Let z be a real number. Find all solutions of the following integral equation: \(f(x)=e^x+z \int_0^1 e^{x-y} f(y)\,dy\) for 0≤x≤1.

The best solution was submitted by Gee Won Suh (서기원), 2009학번. Congratulations!

Here is his Solution of Problem 2010-11.

Alternative solutions were submitted by 최홍석 (화학과 2006학번, +3), 정성구 (수리과학과 2007학번, +3).

Let  M_n×n be the space of real n×n matrices, regarded as a metric space with the distance function

\(\displaystyle d(A,B)=\sum_{i,j} |a_{ij}-b_{ij}|\)

for A=(a_ij) and B=(b_ij).
Prove that \(\{A\in M_{n\times n}: A^m=0 \text{ for some positive integer }m\}\) is a closed set.

The best solution was submitted by Gee Won Suh (서기원), 2009학번. Congratulations!

Here is his Solution of Problem 2010-10.

Alternative solutions were submitted by 정성구 (수리과학과 2007학번, +3), 김치헌 (수리과학과 2006학번, +3), 강동엽 (2009학번, +2).

Let M>0 be a real number.
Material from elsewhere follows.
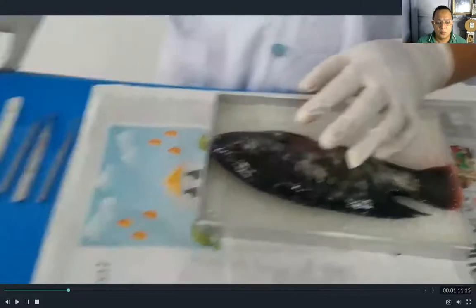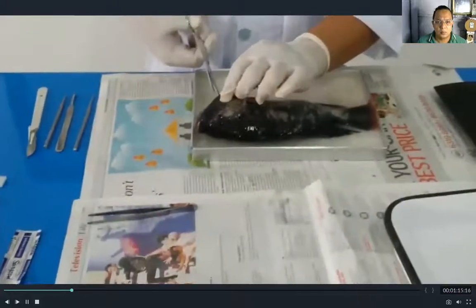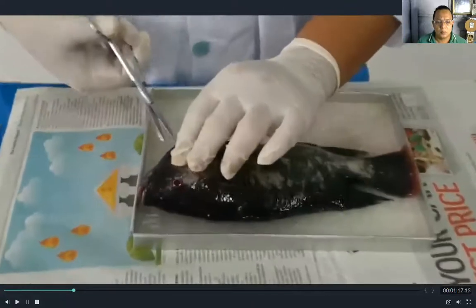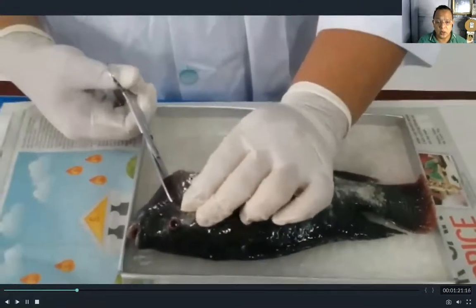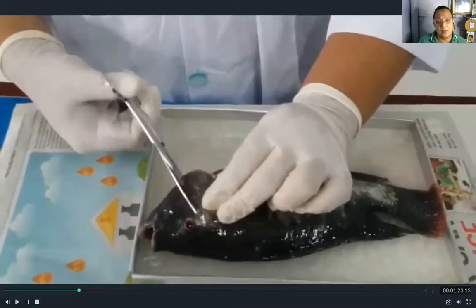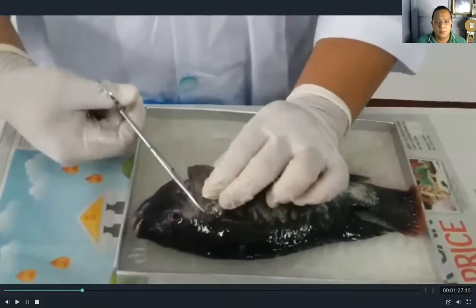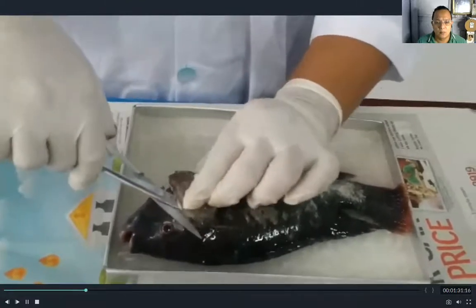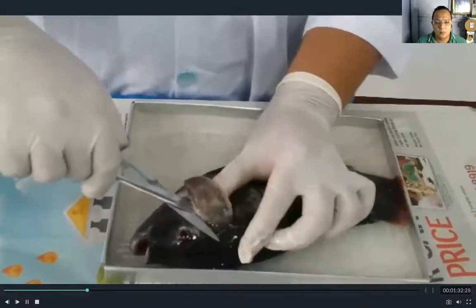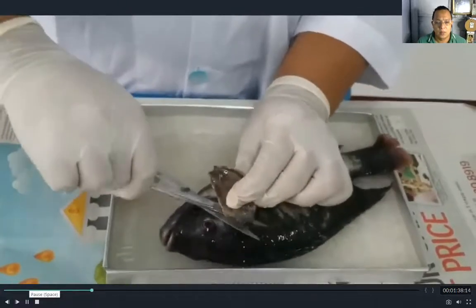Let us cut first the upper flap so that we can see the gills. Take note: you need to be very careful with your materials. Students, make sure you do this activity under the supervision of your teacher.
Prove that there exists N so that if n>N, then all the roots of \(f_n(z)=1+\frac{1}{z}+\frac1{{2!}z^2}+\cdots+\frac{1}{n!z^n}\) are in the disk |z|<M on the complex plane.

The best solution was submitted by Jeong, Seong Gu (정성구), 수리과학과 2007학번. Congratulations!

Here is his Solution of Problem 2010-9.

Alternative solutions were submitted by 최홍석(화학과 2006학번, +3), 김호진(2009학번, +3), 김치헌 (수리과학과 2006학번, +3).

Prove that \(\displaystyle \sum_{m=0}^n \sum_{i=0}^m \binom{n}{m} \binom{m}{i}^3=\sum_{m=0}^n \binom{2m}{m} \binom{n}{m}^2\).

The best solution was submitted by Chiheon Kim(김치헌), 수리과학과 2006학번. Congratulations!

Here is his Solution of Problem 2010-6.

Let S be the set of non-zero real numbers x such that there is exactly one 0-1 sequence {an} satisfying \(\displaystyle \sum_{n=1}^\infty a_n x^{-n}=1\). Prove that there is a one-to-one function from the set of all real numbers to S.

The best solution was submitted by Jeong, Seong Gu (정성구), 수리과학과 2007학번. Congratulations!

Here is his Solution of Problem 2010-7.

Find the set of all rational numbers x such that 1, cos πx, and sin πx are linearly dependent over rational field Q.

The best solution was submitted by Chiheon Kim(김치헌), 수리과학과 2006학번. Congratulations!

Here is his Solution of Problem 2010-5.

An alternative solution was submitted by 정성구 (수리과학과 2007학번, +3), 임재원 (2009학번, +2). One incorrect solution was submitted.

Let n, k be positive integers. Prove that \(\sum_{i=1}^n k^{\gcd(i,n)}\) is divisible by n.

The best solution was submitted by Chiheon Kim(김치헌), 수리과학과 2006학번. Congratulations!

Here is his Solution of Problem 2010-4.

Alternative solutions were submitted by 정성구 (수리과학과 2007학번, +3), Prach Siriviriyakul (2009학번, +3), 라준현 (수리과학과 2008학번, +3), 서기원 (2009학번, +3), 강동엽 (2009학번, +3), 임재원 (2009학번, +2).

Evaluate the following sum

\(\displaystyle\sum_{m=1}^\infty \sum_{\substack{n\ge 1\\ (m,n)=1}} \frac{x^{m-1}y^{n-1}}{1-x^m y^n}\)

when |x|, |y|<1.

(We write (m,n) to denote the g.c.d of m and n.)

The best solution was submitted by Hojin Kim (김호진, 2009학번). Congratulations!

Here is his Solution of Problem 2010-3.

Alternative solutions were submitted by 정성구 (수리과학과 2007학번, +3), 임재원 (2009학번, +3), Prach Siriviriyakul (2009학번, +3), 서기원 (2009학번, +3), 김치헌 (수리과학과 2006학번, +2).

The problem had a slight problem when xy=0; It is necessary to assume 0⁰=1.

Let A=(aij) be an n×n matrix of complex numbers such that \(\displaystyle\sum_{j=1}^n |a_{ij}|<1\) for each i. Prove that I-A is nonsingular.

The best solution was submitted by  Sung-Min Kwon (권성민), 2009학번. Congratulations!

Here is his Solution of Problem 2010-2.

Alternative solutions were submitted by 라준현 (수리과학과 2008학번, +3), 서기원 (2009학번, +3), 임재원 (2009학번, +3), 정성구 (수리과학과 2007학번, +3).